Dr. Richard Berends, der Chefarzt, stand auf dem Standpunkt, die Klinikatmosphäre dürfe den Patienten nicht deprimieren, sondern müsse mit dazu beitragen, dass er so rasch wie möglich wieder gesund wurde.

Lydia Fersten fragte den Pförtner nach dem Weg zu Dr. Berends und bekam eine ausführliche Auskunft. Als sie wenig später aus dem Lift trat, sah sie den Chefarzt. Ihr Vater hatte ihn ihr beschrieben, deshalb erkannte sie ihn sofort. Er war ein Mann, zu dem man auf Anhieb Vertrauen fasste, groß, sportlich, aufrichtig und seriös. Eine echte Persönlichkeit war der Leiter der Wiesen-Klinik, das spürte Lydia gleich. Er hatte eine Ausstrahlung, über die nur außergewöhnliche Menschen verfügen, und Lydia erkannte jetzt schon, dass sie keinen besseren Entschluss hätte fassen können. Es war richtig gewesen, hierher zu kommen.

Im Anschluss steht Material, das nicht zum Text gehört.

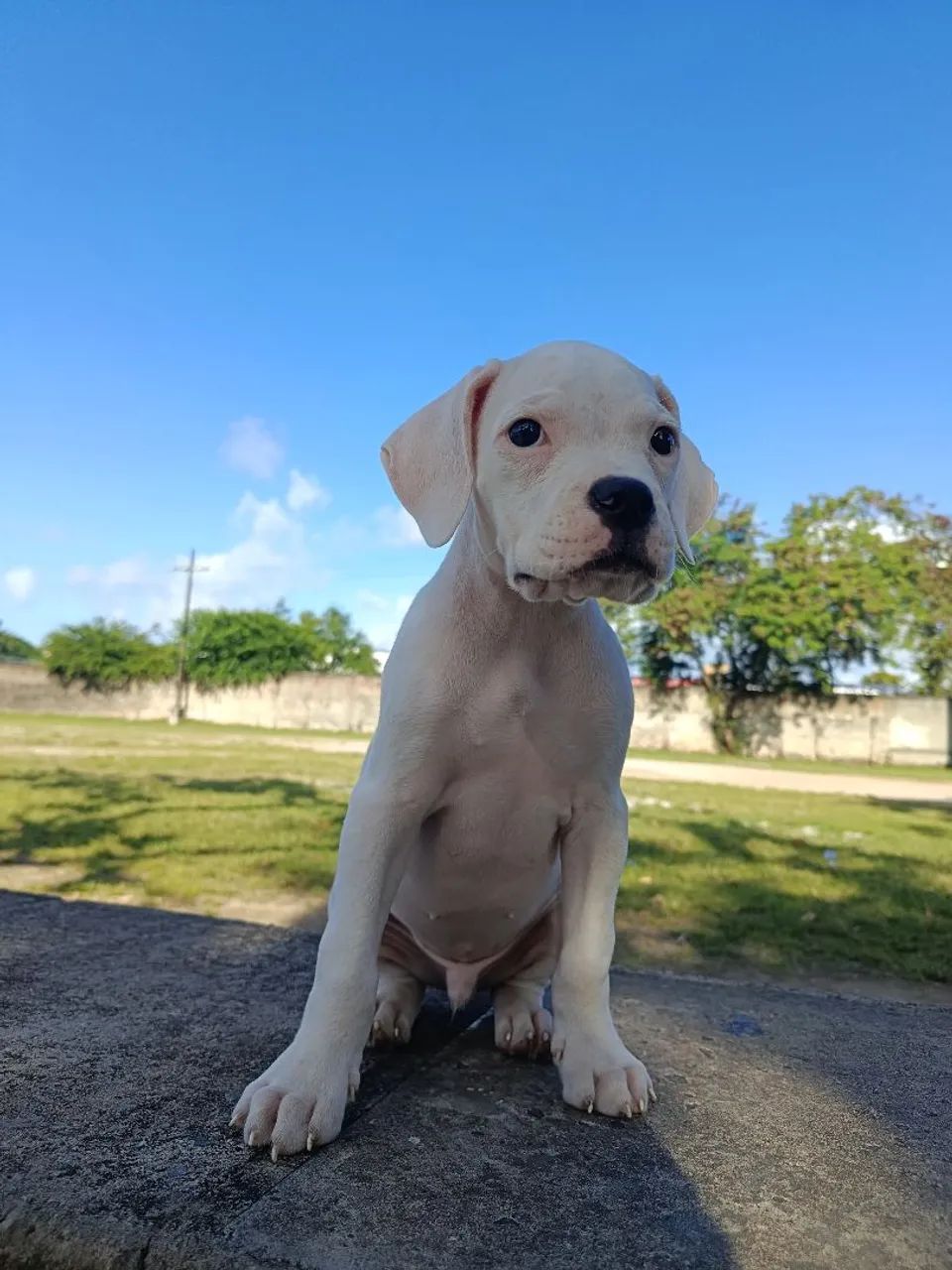 Boxer 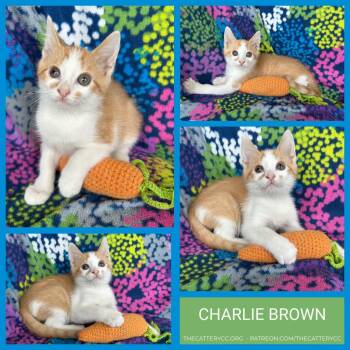 Domestic Short Hair Cats Available for Adoption - Charlie Brown | PetCurious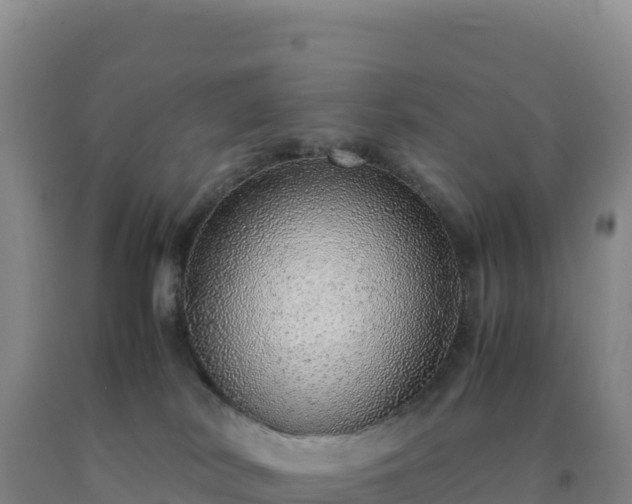 X0000092100038200709191316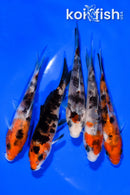 PACK OF (5) 3.75-4" STANDARD KOI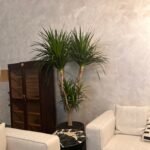 Office Plant Wild Yukka in Fiber Black Pot Premium - Image 4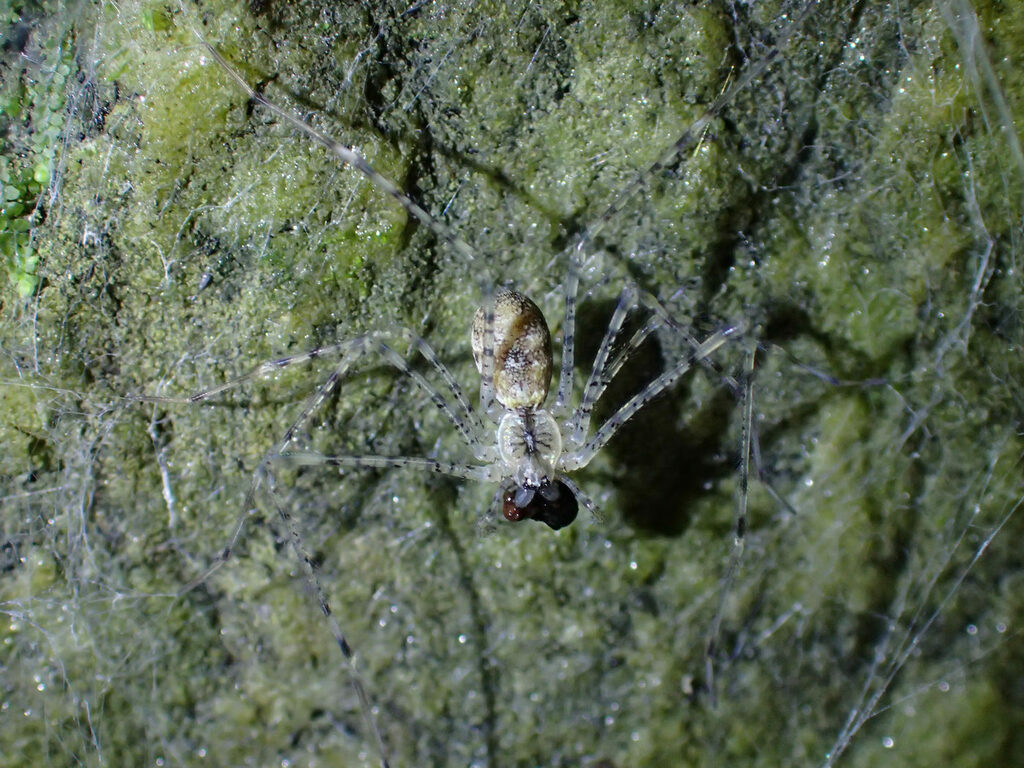 Hypochilus coylei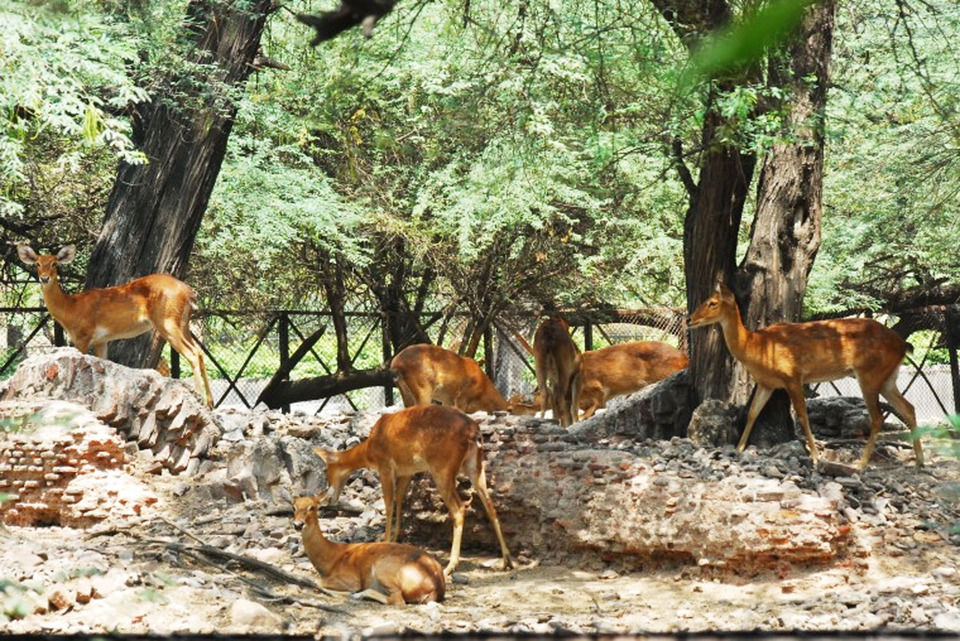 Photo of Delhi Guide: How To Do Delhi Right by Anjali Chawla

Dr. Berends war nicht allein. Er unterhielt sich mit einem jungen Kollegen.

„Haben Sie eine Elektrophorese und eine Untersuchung der Knochenmarkzellen vorgenommen?“, wollte der Chefarzt soeben wissen.

„Ja“, sagte der junge Arzt.

Lydia Fersten blieb stehen und wartete, bis der Mediziner auf sie aufmerksam wurde.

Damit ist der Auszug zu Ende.